Kay Miller can finally live in the same peace and quiet as her neighbors.
The Federal Aviation Administration has authorized a $2.5 million grant to soundproof 38 airport-area homes, whose owners have fought a years-long battle for the same funding their neighbors received.
The FAA will spend between $35,000 and $75,000 on the New Town homes, on Linda and Flagler avenues. The work, a seven-month project expected to begin in January, will include installing new doors, windows, storm shutters and in some cases air conditioning units, Miller said.
The Linda Lane resident described the noise from air traffic at Key West International Airport as "substantial."
"The runway is just past my home," Miller said. "Planes are descending just past my home. ... It interrupts my telephone conversations or when I am watching television or listening to music."
The FAA granted the funding after U.S. Rep.

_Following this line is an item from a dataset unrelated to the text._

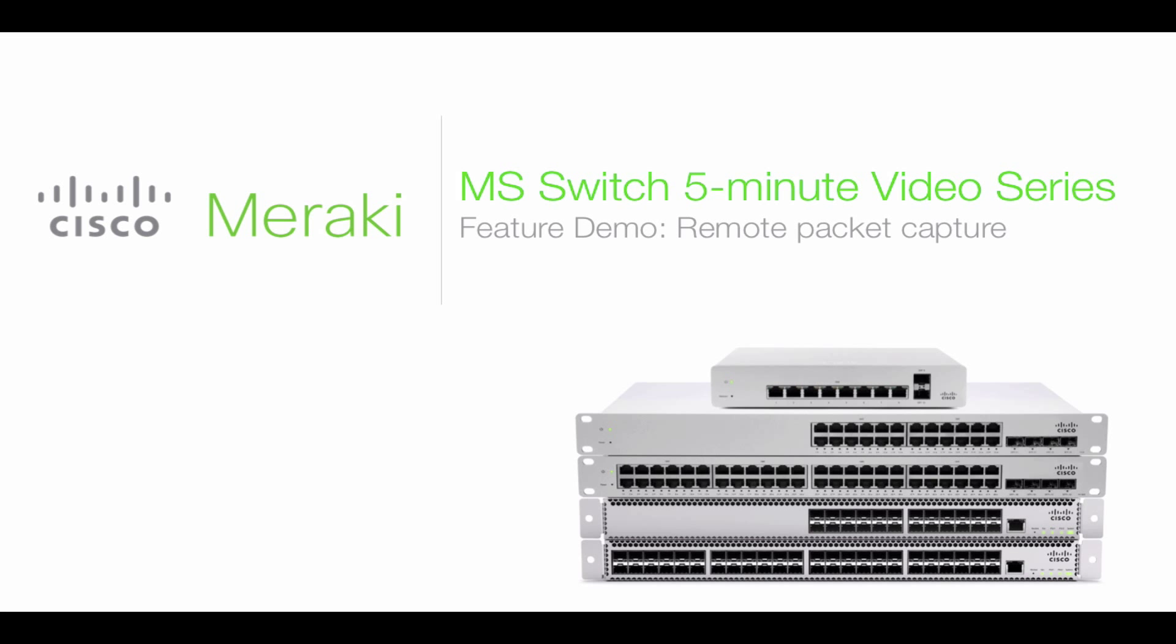Hi everyone, welcome to another 5-minute demo video. Today what we're going to do is take a look at a feature called Remote Packet Capture.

Ileana Ros-Lehtinen and the airport staff joined Miller and fellow members of a grass-roots committee to lobby for it, armed with a URS Corp. study that showed their homes were subjected to jet noise reaching 65 decibels, the level at which soundproofing is required.

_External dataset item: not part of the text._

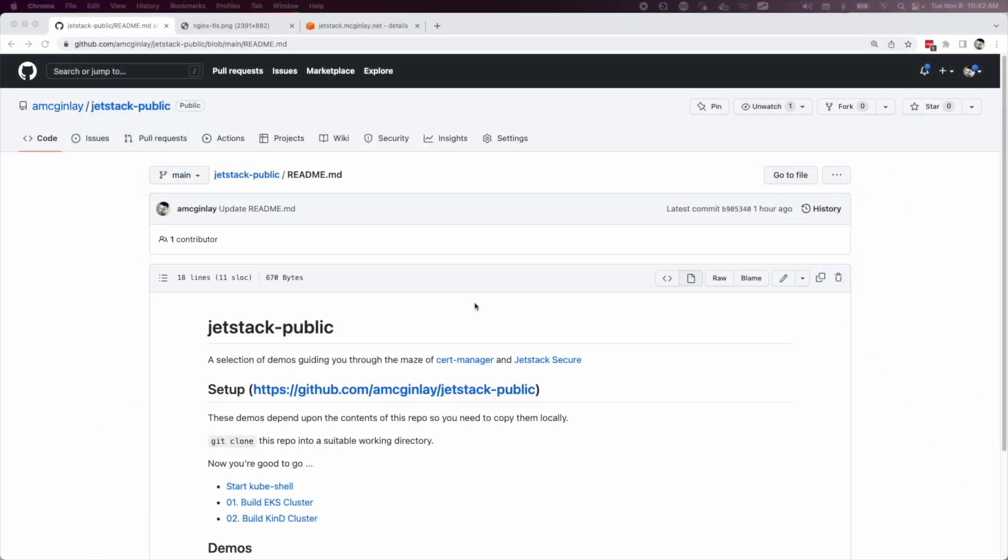Hi, my name is Alan McGinley. I'm an ecosystem architect here at Venify, and today I'm going to answer the question: what's the minimum you need to do to see cert manager working on an Amazon EKS cluster straight away?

Since 2000, the FAA has spent $22.5 million -- money from airline ticket fees -- soundproofing 300 airport-area homes in phases, starting with those closest to the airport, Monroe County Airports Director Peter Horton said.
Miller's neighborhood was earmarked to eventually receive money, but the FAA pulled the plug in 2005 when federal legislators approved changes to maps showing the affected areas. Removing homes on Linda and Flagler avenues caused an outcry among the homeowners.
"I am pleased that the FAA has awarded this grant to the Key West Airport so they can begin to pay for the noise insulation for 38 homeowners living around the airport," Ros-Lehtinen said in a prepared statement. "After waiting nearly nine years for this project to begin, these homeowners will soon have the peace and quiet that all homeowners are entitled to have. Director Horton and his staff will work tirelessly to complete this long awaited and necessary project."
Soundproofing is a comfort Miller's neighbors Gwen and Larry Rodriguez know very well. Theirs was one of the first homes soundproofed nearly nine years ago. The FAA spent about $70,000 for new windows and doors and an air conditioning unit for their home on Airport Boulevard, the closest street to the airport.
"The noise has been reduced tremendously," Gwen Rodriguez said. "You now can have a telephone conversation without having to stop when a plane is landing or taking off. ... At one point, one of our windows cracked from an airplane."